Ternate, HN – Puluhan jurnalis dan mahasiswa di Kota Ternate, Maluku Utara gelar unjuk rasa menolak Rancangan Undang-Undang (RUU) Penyiaran.

Unjuk rasa itu melibatkan organisasi profesi seperti Aliansi Jurnalis Independen (AJI), Ikatan Jurnalis Televisi Indonesia (IJT), Asosiasi Media Saiber Indonesia (AMSI), LPM Mantra dan LPM Aspirasi serta mahasiswa.

Para jurnalis dan mahasiswa itu unjuk rasa di Kantor Dewan Perwakilan Rakyat Daerah (DPRD) Kota Ternate dan depan Kantor Wali Kota Ternate pada Selasa, 28 Mei 2024.

Selain menyampaikan orasi terkait ancaman kebebasan pers. Para masa unjuk rasa juga membentangkan spanduk bertuliskan “Tolak RUU Penyiaran” di dalam kantor DPRD.

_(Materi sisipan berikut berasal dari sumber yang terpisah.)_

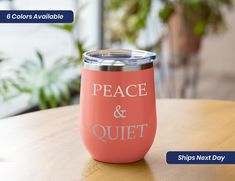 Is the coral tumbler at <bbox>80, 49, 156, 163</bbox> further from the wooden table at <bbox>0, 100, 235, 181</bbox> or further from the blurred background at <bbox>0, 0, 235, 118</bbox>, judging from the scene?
the blurred background at <bbox>0, 0, 235, 118</bbox>

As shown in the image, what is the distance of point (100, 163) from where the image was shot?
1.10 meters

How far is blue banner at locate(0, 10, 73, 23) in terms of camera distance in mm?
1018

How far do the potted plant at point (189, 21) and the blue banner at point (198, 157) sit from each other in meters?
2.45

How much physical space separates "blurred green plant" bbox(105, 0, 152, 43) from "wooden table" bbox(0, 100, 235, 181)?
1939mm

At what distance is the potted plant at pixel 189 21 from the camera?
3.51m

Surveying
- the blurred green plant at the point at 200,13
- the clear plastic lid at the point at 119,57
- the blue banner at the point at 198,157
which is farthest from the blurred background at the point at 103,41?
the blue banner at the point at 198,157

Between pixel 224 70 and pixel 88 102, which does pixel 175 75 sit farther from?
pixel 88 102

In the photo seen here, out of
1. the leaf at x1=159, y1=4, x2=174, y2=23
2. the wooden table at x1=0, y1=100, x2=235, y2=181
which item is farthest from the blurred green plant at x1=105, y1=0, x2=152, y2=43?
the wooden table at x1=0, y1=100, x2=235, y2=181

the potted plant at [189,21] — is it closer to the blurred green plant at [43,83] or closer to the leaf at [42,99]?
the blurred green plant at [43,83]

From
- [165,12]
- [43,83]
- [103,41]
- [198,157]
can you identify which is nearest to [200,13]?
[165,12]

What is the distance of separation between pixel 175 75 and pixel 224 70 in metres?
0.55

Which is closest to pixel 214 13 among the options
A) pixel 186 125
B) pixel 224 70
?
pixel 224 70

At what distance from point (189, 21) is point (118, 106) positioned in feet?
9.40

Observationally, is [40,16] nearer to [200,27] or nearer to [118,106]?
[118,106]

“Pada prinsipnya kita juga tidak mau membungkam, kita juga mendukung kebebasan pers, kita punya keinginan seperti itu, sehingga pers itu menjadi konsumsi publik yang dapat dipercaya,” ujar Anggota Komisi I DPRD Kota Ternate, Muzakir Gamgulu ketika ditanya sikap dewan Kota Ternate atas RUU Penyiaran.

Di hadapan masa aksi, politisi Partai Persatuan Pembangunan Kota Ternate itu mengatakan, apa yang menjadi tuntutan teman-teman jurnalis hari ini akan disampaikan ke unsur pimpinan dewan, sebagai bentuk respon positif DPRD Kota Ternate secara kelembagaan atas polemik RUU Penyiaran.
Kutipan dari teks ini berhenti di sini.